* Haeril Al Fajri
(Direktur MIND)
Kota Palopo dalam kurun waktu lima belas tahun terakhir mengalami perkembangan pesat dalam dunia pendidikan khususnya perguruan tinggi. Beberapa perguruan tinggi bahkan berhasil beralih status menjadi universitas. Saat ini berdasarkan data Kota Palopo Dalam Angka 2025 Badan Pusat Statistik (BPS) tercatat ada tiga belas perguruan tinggi yang beroperasional di Kota Palopo.
Berdasarkan data tersebut menempatkan kota Palopo sebagai kota kedua setelah Kota Makassar yang memiliki jumlah perguruan tinggi terbanyak di Provinsi Sulawesi Selatan.

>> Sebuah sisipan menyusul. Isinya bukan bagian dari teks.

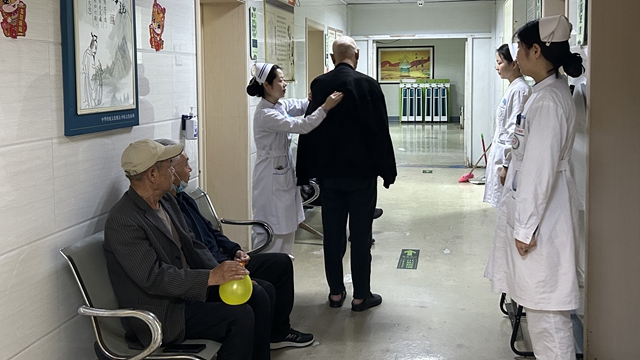 呼吸康復(fù)路，護患同行時——駐馬店市第二中醫(yī)院帶領(lǐng)患者開展呼吸操運動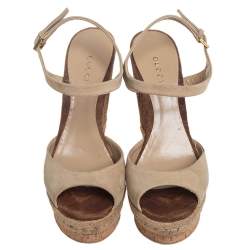 Pre Owned صندل غوتشي كعب روكي هولي سويدي بيج مقاس 37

Mungkin itulah yang mendasari Kota yang dulu berjuluk Kota Idaman ini, familiar dengan julukan Kota Pendidikan.
Tapi, apa sebenarnya makna Kota Pendidikan, apakah hanya karena memiliki institusi pendidikan yang jumlahnya banyak secara kuantitas atau ada entitas lain yang melekat pada Kota Pendidikan?
Pada tulisan singkat ini, saya mencoba mengurai secara empiris beberapa hal sehubungan dengan fenomena pemilihan Wali Kota dan Wakil Wali Kota Palopo;
_Pertama,_ Kota Pendidikan selayaknya menjadikan kampus sebagai lokomotif intelektual disebuah daerah, baik yang berhubungan dengan hal yang bersifat akademis maupun kebijakan pemerintah daerah. Kita bahkan sangat memahami konsep Pentahelix yang berkembang menjadi Hexahelix Collaboration dalam pembangunan daerah.
Tapi yang dapat kita cermati di kota ini bahwa, kampus tetap sibuk dengan aktifitas akademiknya dan masyarakat kota tetap sibuk dengan riuh kota yang bising. Anda dapat melihat dari ribuan jumlah tenaga pendidik di perguruan tinggi kota ini, ada berapa jumlah tenaga pendidik yang aktif, dalam ruang aktivitas kemasyarakatan untuk memperkuat struktur sosial masyarakat yang berekonomi lemah dan berpendidikan rendah.
_Kedua_ , memontum Pemilihan Wali Kota dan Wakil Wali Kota adalah tamparan bagi julukan Kota Pandidikan. Kota Pendidikan tergerus pada praktek money politik yang memilukan dan memalukan. Hampir tidak ada ruang yang tersisa bagi etikabilitas dan intelektualitas.
Diskusi disesaki dengan pembicaraan amplop. Kita lupa bahwa Calon Wali Kota dan Wakil Wali Kota memiliki Visi Misi dan program yang lebih layak diperbincangkan.
_Ketiga_ , yang dimintai pendapat dan viral diberbagai media sosial bukan para pakar, akademisi atau praktisi yang menganggap dirinya lebih mumpuni secara gelar akademik.
Itulah yang saya sebut Anomali.
Sepertinya benar kata Robin Sharma
penulis buku MegaLiving, sebuah buku tentang manajemen stres dan spiritualitas asal Kanada, bahwa; _orang biasa menyukai hiburan dan orang luar biasa menyukai pendidikan._
Apakah pemilihan Wali Kota dan Wakil Wali Kota Palopo hanya sekadar hiburan ataukah penting sebagai pendidikan?